A match-play tournament always has the potential to fizzle if it produces less-than-compelling pairings. Of course, it's also less entertaining to watch if the matches themselves aren't very competitive. Such was the case in Friday's round of 16 at the WGC-Accenture, as nearly all eight of the golfers who advanced had big leads for most of the day. Now those players will compete in four quarterfinal matches beginning at 10:05 a.m. MT on Saturday. Here's a rundown of what to look for.
Hunter Mahan dusted Steve Stricker 4 and 3 on Friday.
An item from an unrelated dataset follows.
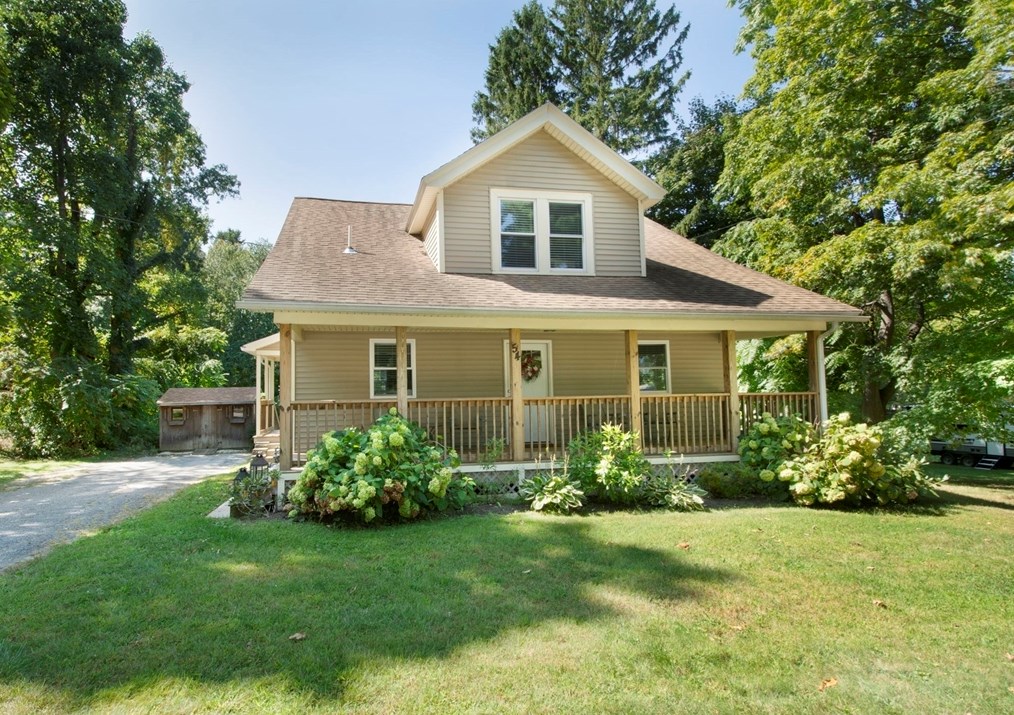 54 Maple St, West Boylston, MA 01583 exterior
Red, White and Blue Pairing
No. 4 Matt Kuchar vs. No. 6 Hunter Mahan: An American hasn't made the championship match of this event since 2008. This match guarantees one U.S. player will at least have the opportunity to reach the finals come Sunday morning. With these Ryder Cup teammates each cruising in their past two matches (Perhaps Steve Stricker celebrated his 45th birthday too much Thursday night...) after squeaking out first-round wins, it's tough to give either an edge. Kuchar gets the nod, though, based on his trip to the semis last year, where he lost to eventual champion Luke Donald.
Drive for show and putt for dough...
Mark Wilson: If the diminutive Wisconsinite was intimidated playing the much longer and much, much more famous American Dustin Johnson, he certainly didn't show it. Wilson, who has as many PGA Tour wins since the beginning of 2011 as anyone, crushed DJ 4 and 3 with a deadly short game that included an unlikely chip-in for birdie on No. 12. He'll try to ride his putter past an equally-hot Peter Hanson, another underrated player. Hanson, a member of the 2010 European Ryder Cup team, made eight birdies in 15 holes to eliminate Brandt Snedeker, one of the early season's biggest stories. Weren't looking forward to this matchup of 9 and 10 seeds when filling out your bracket? Don't worry, neither were Golf Channel or NBC...
Biggest mismatch (on paper)
No. 1 Rory McIlroy vs. No. 11 Sang-Moon Bae: We say "on paper" since at this level, even Senden/Bae knocking off the game's newest superstar should only be considered a minor upset. We've touted Bae, the 25-year-old South Korean, all year. Still, it's tough to pick against McIlroy, who at 22 and after beating the field's oldest player (Miguel Angel Jimenez), has his sights set on taking this tournament and taking over the No. 1 spot in the Official World Golf Ranking.
Conquering Europe one man at a time
Martin Laird: The Scotsman has defeated someone from his continent in each of his first three rounds, including fellow countryman Paul Lawrie in the round of 16. He'll have a chance to knock off England's finest remaining player in the draw next when he takes on No. 1 Lee Westwood. And how about the world's third-ranked player? After 11 years of not making it past Day 2 here, he suddenly looks like a match-play wiz. And despite his dismal track record in this event, Westy now enters the weekend with a bit of recent history on his side. Fellow Englishmen Luke Donald and Ian Poulter have won this event the past two years.